Perhaps I am failing to recall correctly, but I do not believe that this is ever stated anywhere. Could you point me to where it says the evil descriptor does any more than limit clerics in what spells they cast or explain how such spells hold up under divination magics? By your logic summoning a celestial away from whatever important duties they happen to be performing you are doing a good act. If some evil necromancer summons enough celestial hawks does this suddenly mean they are on the path to redemption?

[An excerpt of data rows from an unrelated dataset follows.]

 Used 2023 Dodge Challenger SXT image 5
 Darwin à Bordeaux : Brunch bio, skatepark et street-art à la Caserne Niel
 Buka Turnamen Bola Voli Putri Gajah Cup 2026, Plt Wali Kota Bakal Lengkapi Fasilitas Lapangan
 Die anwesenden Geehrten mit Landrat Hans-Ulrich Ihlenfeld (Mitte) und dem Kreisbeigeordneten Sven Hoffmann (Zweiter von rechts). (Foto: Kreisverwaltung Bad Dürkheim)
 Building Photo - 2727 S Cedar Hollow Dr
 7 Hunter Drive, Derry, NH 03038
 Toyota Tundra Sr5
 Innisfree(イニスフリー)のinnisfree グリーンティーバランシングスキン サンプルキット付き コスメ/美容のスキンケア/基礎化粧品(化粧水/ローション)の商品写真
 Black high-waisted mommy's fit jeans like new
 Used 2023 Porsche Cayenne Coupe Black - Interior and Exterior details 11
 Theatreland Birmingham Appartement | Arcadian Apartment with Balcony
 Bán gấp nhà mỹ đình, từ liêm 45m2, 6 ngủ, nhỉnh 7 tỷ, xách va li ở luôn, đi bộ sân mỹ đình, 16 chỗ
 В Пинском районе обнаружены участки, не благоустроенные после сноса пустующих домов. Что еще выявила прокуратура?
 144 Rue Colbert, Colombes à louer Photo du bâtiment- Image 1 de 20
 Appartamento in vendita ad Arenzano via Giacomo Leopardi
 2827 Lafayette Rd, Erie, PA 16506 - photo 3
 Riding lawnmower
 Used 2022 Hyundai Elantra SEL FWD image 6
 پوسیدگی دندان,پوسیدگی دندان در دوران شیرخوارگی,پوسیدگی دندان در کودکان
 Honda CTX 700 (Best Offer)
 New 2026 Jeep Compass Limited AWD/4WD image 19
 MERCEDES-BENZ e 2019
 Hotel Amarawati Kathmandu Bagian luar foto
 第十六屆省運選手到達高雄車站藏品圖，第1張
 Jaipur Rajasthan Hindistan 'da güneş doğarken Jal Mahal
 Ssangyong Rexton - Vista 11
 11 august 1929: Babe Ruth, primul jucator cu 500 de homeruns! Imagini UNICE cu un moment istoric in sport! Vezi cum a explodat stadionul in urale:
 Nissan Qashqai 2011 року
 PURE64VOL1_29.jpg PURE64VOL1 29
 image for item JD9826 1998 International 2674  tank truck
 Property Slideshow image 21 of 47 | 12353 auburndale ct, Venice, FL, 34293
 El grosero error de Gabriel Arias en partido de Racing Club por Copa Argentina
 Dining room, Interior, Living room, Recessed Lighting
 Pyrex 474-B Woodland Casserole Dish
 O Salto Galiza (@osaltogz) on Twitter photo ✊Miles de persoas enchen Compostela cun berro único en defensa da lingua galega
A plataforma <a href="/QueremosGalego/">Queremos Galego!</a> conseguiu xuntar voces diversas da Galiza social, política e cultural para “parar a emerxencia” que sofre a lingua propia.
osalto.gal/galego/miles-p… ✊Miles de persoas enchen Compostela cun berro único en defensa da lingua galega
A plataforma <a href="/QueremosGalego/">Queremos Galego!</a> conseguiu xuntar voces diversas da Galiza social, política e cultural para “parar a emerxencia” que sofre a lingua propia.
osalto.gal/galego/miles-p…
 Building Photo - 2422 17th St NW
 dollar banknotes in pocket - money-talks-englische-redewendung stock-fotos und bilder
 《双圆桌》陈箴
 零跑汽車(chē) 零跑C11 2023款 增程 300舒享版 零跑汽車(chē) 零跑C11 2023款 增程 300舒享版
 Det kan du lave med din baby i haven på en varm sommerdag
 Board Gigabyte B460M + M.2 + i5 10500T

It doesn't say it explicitly, but let's look at the various parts of the SRD related to this:

"Summon Monster I
Conjuration (Summoning) [see text]
...
When the character uses a summoning spell to summon an air, chaotic, earth, evil, fire, good, lawful, or water creature, it is a spell of that type."

"Planar Binding
Conjuration (Calling) [see text]
...
When the character uses a calling spell to call an air, chaotic, earth, evil, fire, good, lawful, or water creature, it is a spell of that type."

"Detect Evil
...
Evil creature HD / 5
...
Evil magic item
or spell Caster level / 2"


Summoning spells are evil when cast to summon a demon. They have the evil descriptor, which is to say that the spells are described in the rules as being evil. Both the spell and the creature brought into the world also detect as evil.


"Chaotic, Evil, Good, and Lawful Spells: A cleric can't cast spells of an alignment opposed to his own or to his deity's. "


According to the SRD, every single good deity in existance forbids his servants from casting evil spells.

Okay, the spell is described as evil and detects as evil and is banned from use by all devotees of all good gods everywhere. It is explicitly a taboo -- creating something evil, which you are not allowed to do. For me the implication is crystal clear. Morality is a fundamental and immaleable constant in D&D and all deities (being the supreme authorities on morality) universally declare that this is an evil act. Casting good spells is likewise a good act forbidden by evil gods.

From my standpoint, how evil the act is, is what remains an open point of discussion. It may indeed be the lesser of two evils, and thus the best possible choice for someone presented with a moral dilemma and as such will not incur any noticeable alignment shift. That still does not make it somehow no longer an evil act though.

As regards "summoning a celestial away from whatever important duties they happen to be performing," this is not an issue to me. The celestials want to be summoned. Being summoned and performing acts of good is one of the duties that they perform. It is not an interruption.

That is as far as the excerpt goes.